I work in a building with ninety other adults. After ten years, I have identified five other Democrats. I volunteer about twenty five hours a week for a local charity and work closely with about twenty other nice people. I am the only Democrat except for my husband and son. You can imagine how excited we were to hear about a debate watch party at a movie theater in Lewisville, Texas, our suburb of Dallas with a population of about 92,000. The event was hosted by the Southern Denton County Democrats, formerly the Flower Mound Democrats, founded in 2003. SoDeCo is a Political Action Committee and social club that organizes volunteers and fundraising events for the democratic party in north Texas. Unlike the old established yellow dog groups of my youth, where the members were from families of proud Democrats that went back to the depression, this group sprung up in an affluent area where democrats are scarce and do not advertise the fact. This particular group has worked for its legitimacy. It was first thought to be a diversion for the rich and bored housewives of suburban Dallas, and the centerpiece book club did not help that perception. That general misconception has dissolved over the last four years, however, with the groups' coalescence into a real voice for area Democrats through fierce support of local Democratic candidates, fundraising, volunteer organizing and pulling in the rank and file democrats that have for so long felt like tiny blue dots in a red sea. And while they present themselves in a professional and business like way, they are a warm and friendly group that genuinely encourage and welcome fellow Democrats into the fold.
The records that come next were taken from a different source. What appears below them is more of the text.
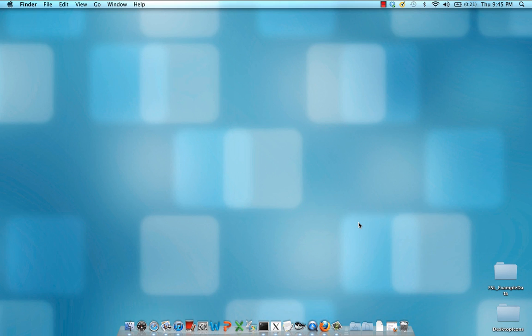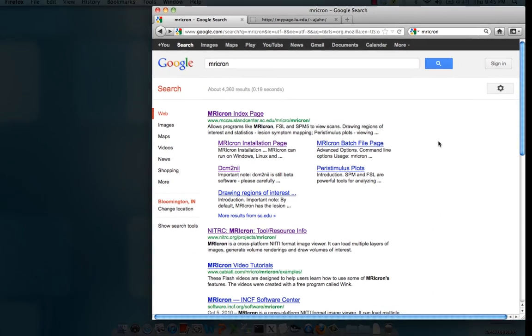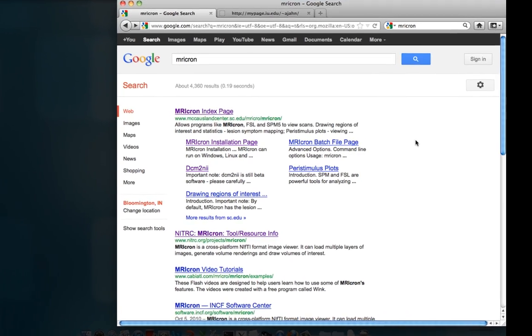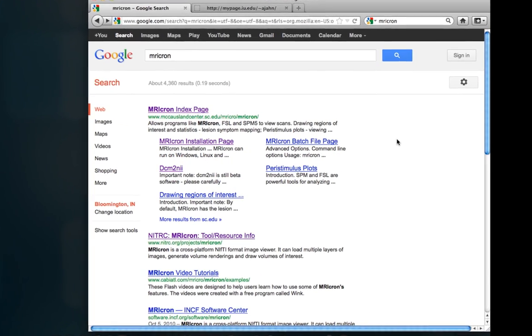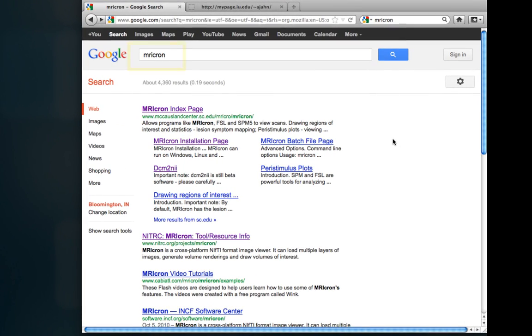The first thing to do is to find a suitable conversion program. The one recommended by FSL is a program called MRICron. Just type MRICron into Google and click on the first result that comes up.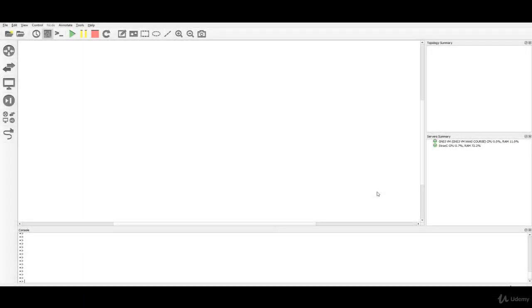Hello and welcome back. First of all, congratulations for setting up your lab environment on your own PC using the GNS3 software.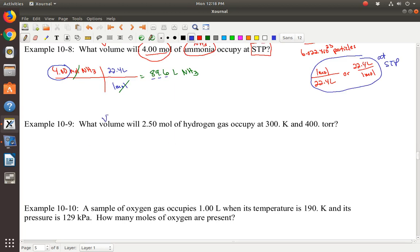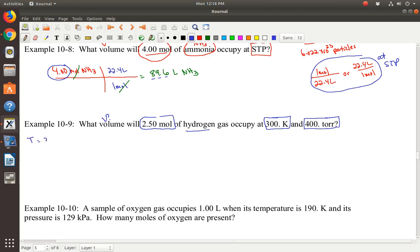Next question: what volume will 2.5 moles of hydrogen gas occupy at 300 Kelvins and 400 torr? This is more complicated because these are not STP conditions, so I can't go straight from moles to volume like before. I need to convert to STP conditions. The temperature we have initially, T1, is 300 Kelvins, and P1, pressure one, is 400 torr.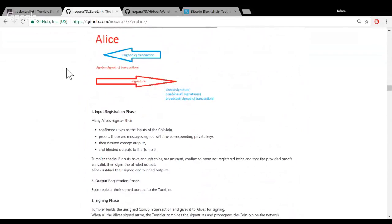The tumbler checks the signature and cannot connect Alice and Bob together. At the last phase, Alice asks for the CoinJoin transaction and signs her inputs — but only if she sees her outputs in the CoinJoin transaction. Alice gives the signatures to the tumbler, the tumbler combines all signatures and finally propagates the transaction. There is no coin-loss risk: if Alice doesn't see her output, she simply doesn't sign.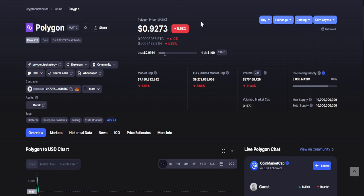Let's go to Polygon or MATIC. As of recording, it is currently at 92 cents, while the 24-hour changes: the lowest is 91 cents and the highest is one dollar. So it went one dollar yesterday.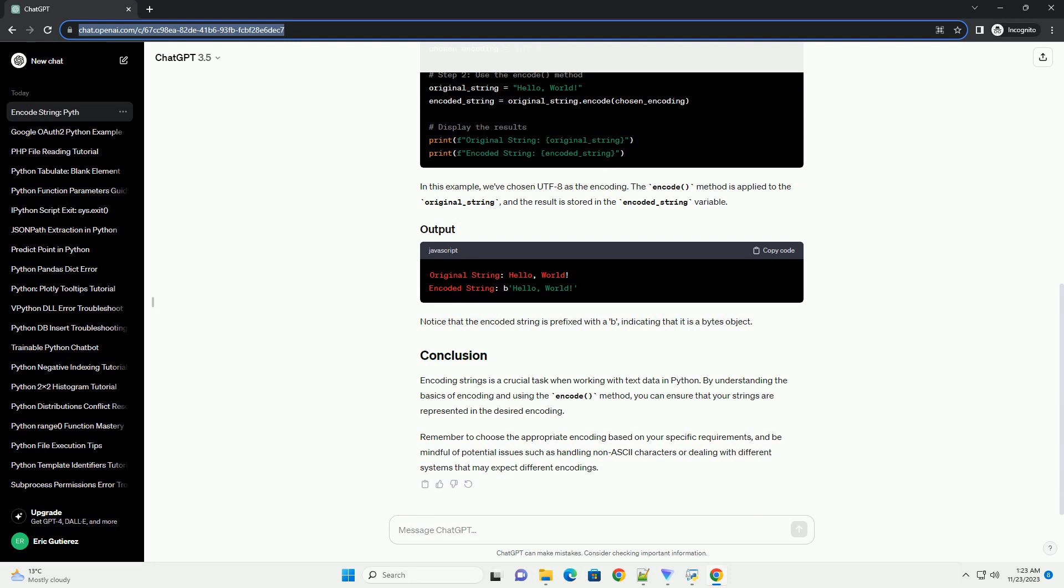Encoding strings is a crucial task when working with text data in Python. By understanding the basics of encoding and using the encode method, you can ensure that your strings are represented in the desired encoding.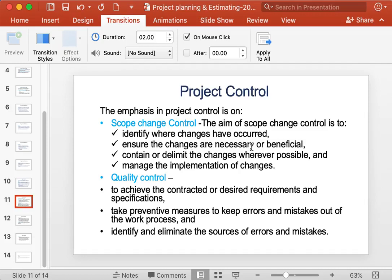Scope change control aims to identify where changes have occurred, determine if the changes are really required or beneficial, contain or delimit the changes wherever possible, and manage implementation of changes. The main aim of quality control is to achieve the contracted or desired requirements and specifications, take preventive measures to keep errors and mistakes out of the work progress, and identify and eliminate sources of errors and mistakes.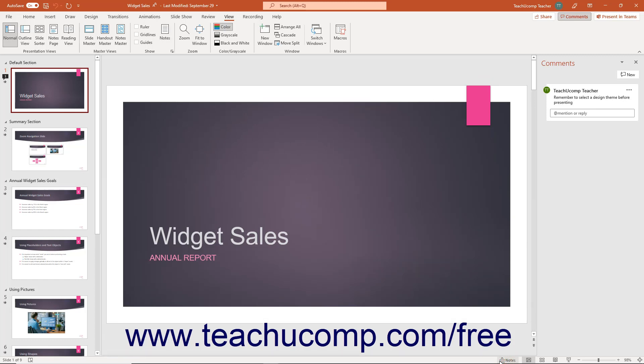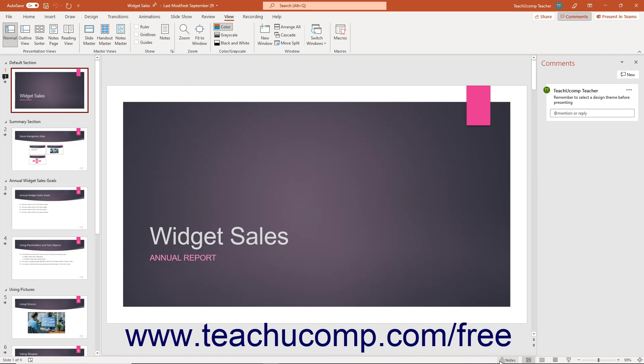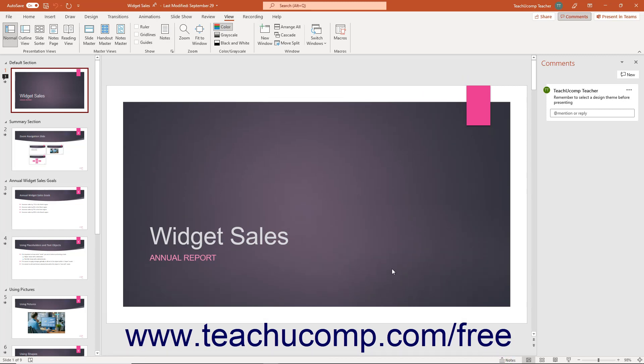To show or hide the Notes pane in Normal view in PowerPoint, click the Notes button towards the right end of the status bar. We will examine each of these different views in later chapters.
Julie Malcom, host and event organizer, summed up the group's expectations for the night, saying, "We're looking forward to a lively night of cheering with lots of newly discovered Democratic neighbors." That being the criteria, the event was a huge success. There was much hollering at the screen from an obviously informed group; moans when Senator McCain said things that struck us as ludicrous and lots of cheers for Senator Obama, especially when he spoke of ending our involvement in Iraq. The audience was as diverse as this country. Young, old, white, black, buttoned up and hippie types and everything in between were represented. People seemed charged up and full of hope and energy after the debate. Most stopped to buy a t-shirt or yard sign. No whispering.
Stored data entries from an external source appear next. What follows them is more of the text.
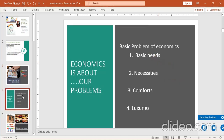Basic problem of economics — اس کا basic problem ہے basic needs۔ Basic needs وہ ہیں جن کے بغیر ہم survive نہیں کر سکتے — ہماری بنیادی ضروریات۔ اس کے بعد ہیں necessities — ہماری ضروریات — پھر comforts — وہ چیزیں جو ہمیں آسائشیں مہیا کرتی ہیں — اور fourth luxuries — تائشاتی چیزیں۔ Basic needs میں number one food ہے، number two cloth، number three shelter — یہ تینوں چیزیں ایسی ہیں جن کے بغیر survival مشکل ہے۔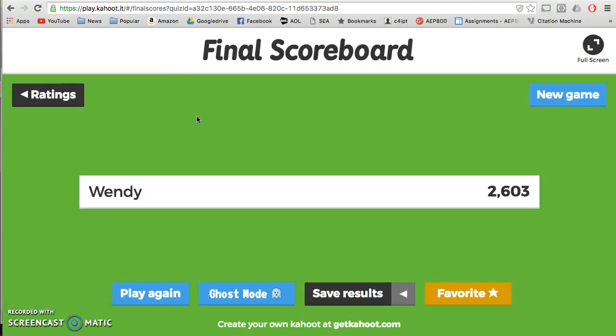Anyway, this is Kahoot! It's a really cool game that you can have your kids play, and it really takes only about 10 minutes. I hope that you've enjoyed this.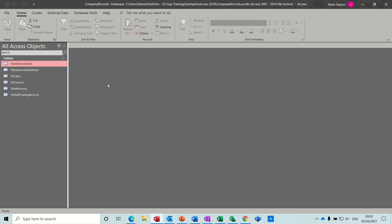Hi guys, welcome to this session on Microsoft Access. In this module I want to have a look at how to create an update query.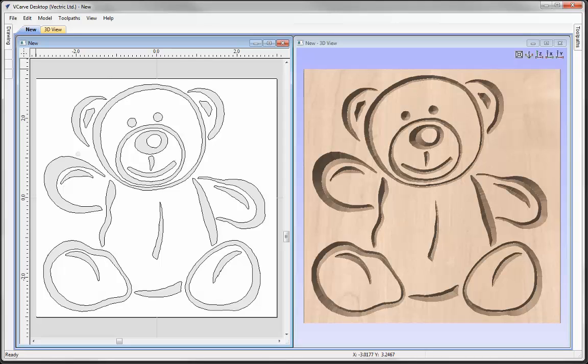The software has the ability to trace bitmaps that you may import into the software. The most common reasons to trace images is to create vectors so you could do things such as 2D or 2.5D work, like V-carving an image, pattern or a word for instance.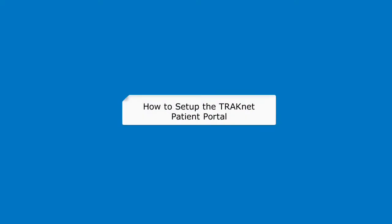In this video, we will be demonstrating how to set up and administer the TRAKnet patient portal.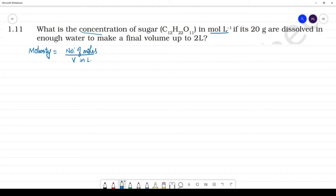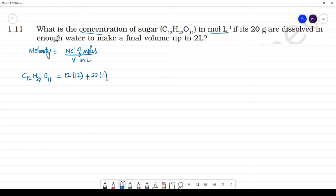We will calculate the molarity using this data. First, we calculate the molecular mass of C12H22O11: 12 times 12, plus 22 times 1, plus 11 times 16 — that gives us 144 plus 22 plus 176.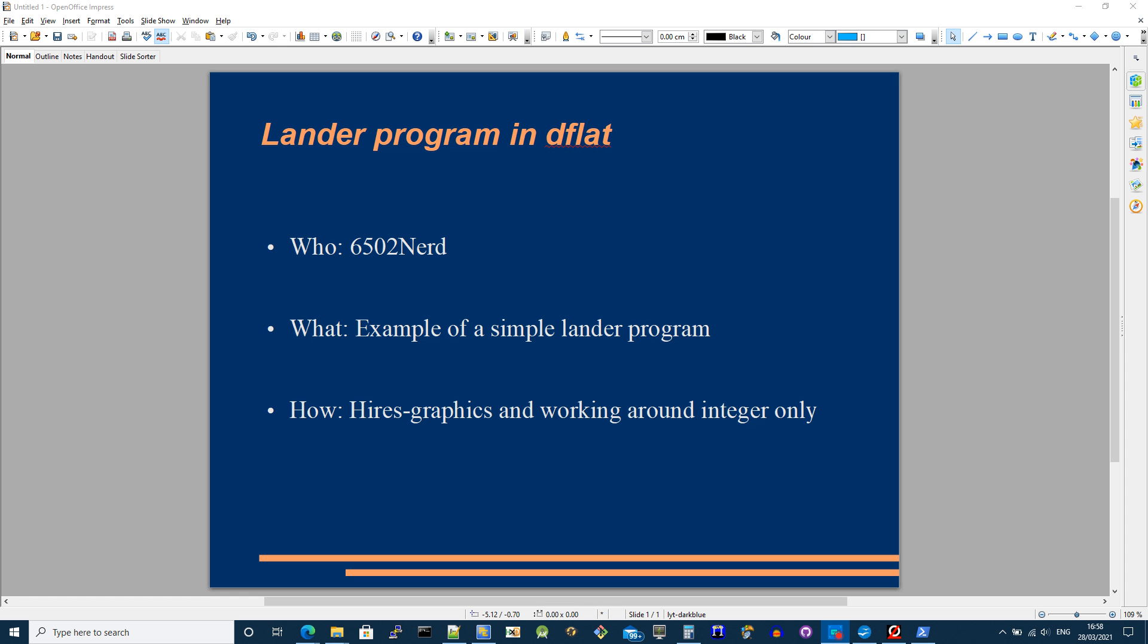This video is going to show a bit of work in progress on a lunar lander type program that I want to write. So I want to do something that uses high-resolution graphics.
To the surprise of many, the venue was too small. Organizers reported 160 watched the debate while 40 more were turned away due to "seating limitations and fire restrictions" Yes! In Texas! Who'd have thought? It's lonely being a democrat in Texas. It was so much fun to have people sitting in front of you turn around and just start talking about things you were just thinking and feeling. People behind leaning forward and agreeing. I could not bring myself to ask another person why they were there. We were all there for the same reason. To be able to say what we think without being judged. Not in a whisper. Right outloud. Strange but fun, indeed.
I have lots of bumper stickers that say meaningful and funny things. The blue Obama 08 is the first one I ever put on my car. I am tired of whispering. The Southern Denton County Democrats will host another debate watch party Thursday and I will be there. I will invite my fellow workers and bring my family. It is so nice knowing there are people out there trying to make being blue a little easier.